Even in a society accustomed to bad news about teenage sex, a new study on sexually transmitted diseases comes as a sad shock. The Centers for Disease Control and Prevention report, released Tuesday, shows that one in four American girls has an std. Twenty-six percent of females 14 to 19 (3.2 million) had human papillomavirus, chlamydia, genital herpes or trichomoniasis, and that figure does not even include less-common afflictions such as hiv/aids, syphilis and gonorrhea. The national study, the first of its kind, found that half of teen girls are sexually active, and 40 percent of those who are have a disease. “Solutions” to this ongoing tragedy include cdc officials downplaying some of the details, shots available through the U.S. Vaccines for Children Program, and the American Social Health Organization recommending that some stds should be called “infections” instead.

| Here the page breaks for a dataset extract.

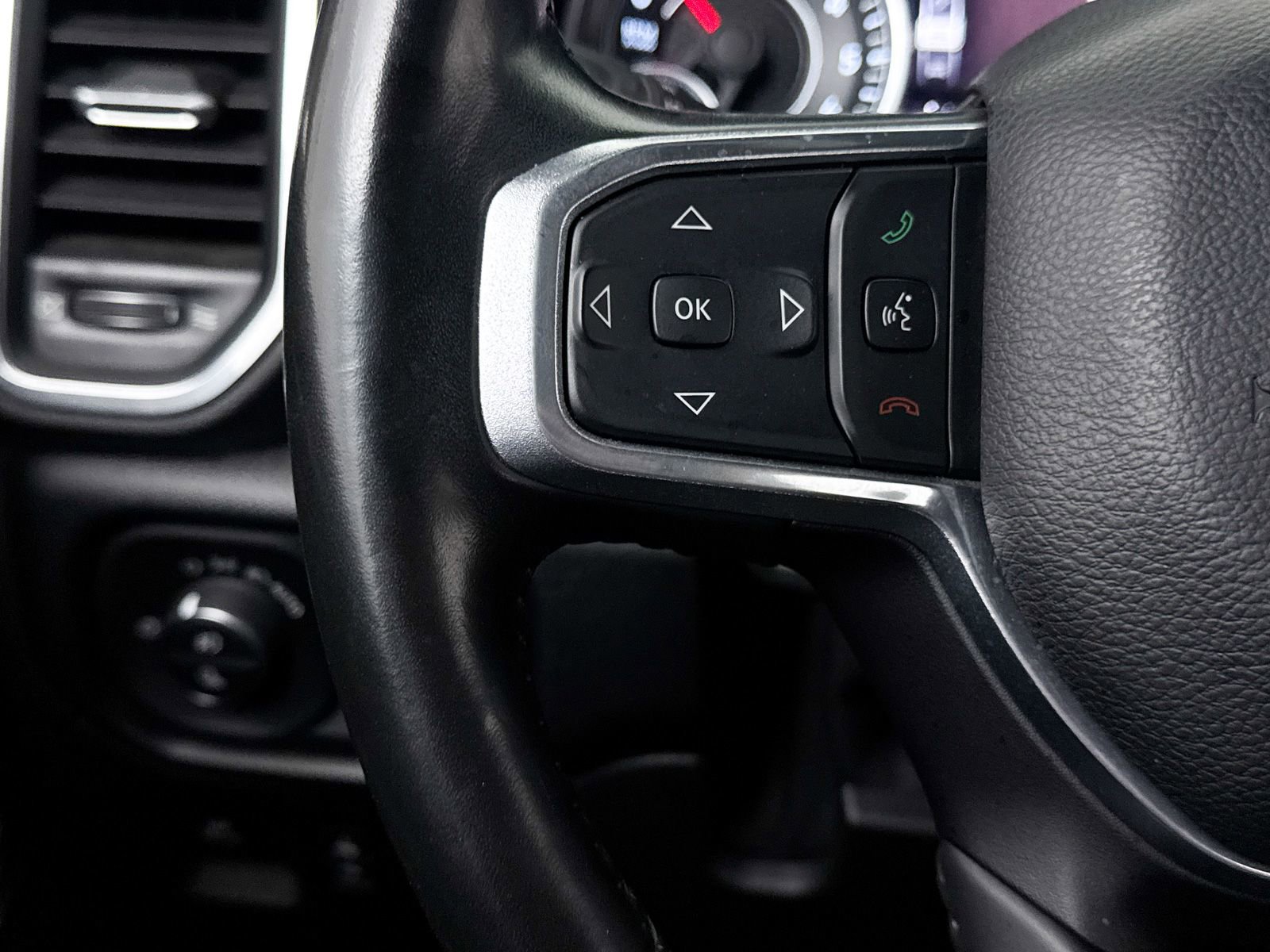 Used 2022 RAM 1500 Laramie w/ Sport Appearance Package image 31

British culture appears to be suffering from a different kind of infection: self-loathing. Culture Minister Margaret Hodge caused a flurry of controversy last week after she said attendees of Britain’s greatest cultural events were not multicultural enough for her taste. “The audiences for many of our greatest cultural events—I’m thinking in particular of the Proms, but it is true of many others—is still a long way from demonstrating that people from different backgrounds feel at ease in being part of this,” she said. The Proms is a popular 113-year-old musical celebration of music from Britain and the West and is marked with a sense of patriotism: in a word, culture that is quintessentially British. But the politician in charge of protecting that culture prefers British concertgoers to focus instead on the comparatively late-coming phenomenon of multiculturalism, which by practical definition, is division.
The economy continues to dominate headlines as the dollar fell to an all-time low against the euro on Thursday, sending stocks stumbling. It now costs $1.56 to buy a euro. On the same day, the greenback was worth less than the Canadian dollar, and it fell below 100 yen for the first time in over a decade, while oil hit an all-time high of more than $110 a barrel. Meanwhile, Americans and others are also paying more for wheat, corn, rice and soybeans, and other agricultural staples are doubling and tripling, setting drastic all-time highs in many cases. Markets continue to demand more dollars per unit because the Federal Reserve has repeatedly cut interest rates and injected multiple billions to bail out imperiled banks, the most recent example being Tuesday’s announcement of a $200 billion loan program, which amazingly allows banks to use drooping mortgage-backed securities as collateral—the very kind of securities that caused the banking crisis in the first place.
The progression of unbelievable financial news continues with the latest statistics on credit card debt. The mortgage crisis continues to drive consumers to rack up debt on their plastic, with January’s consumer credit increase being almost double December’s $3.7 billion increase, in spite of the fact that December contains the holiday shopping season.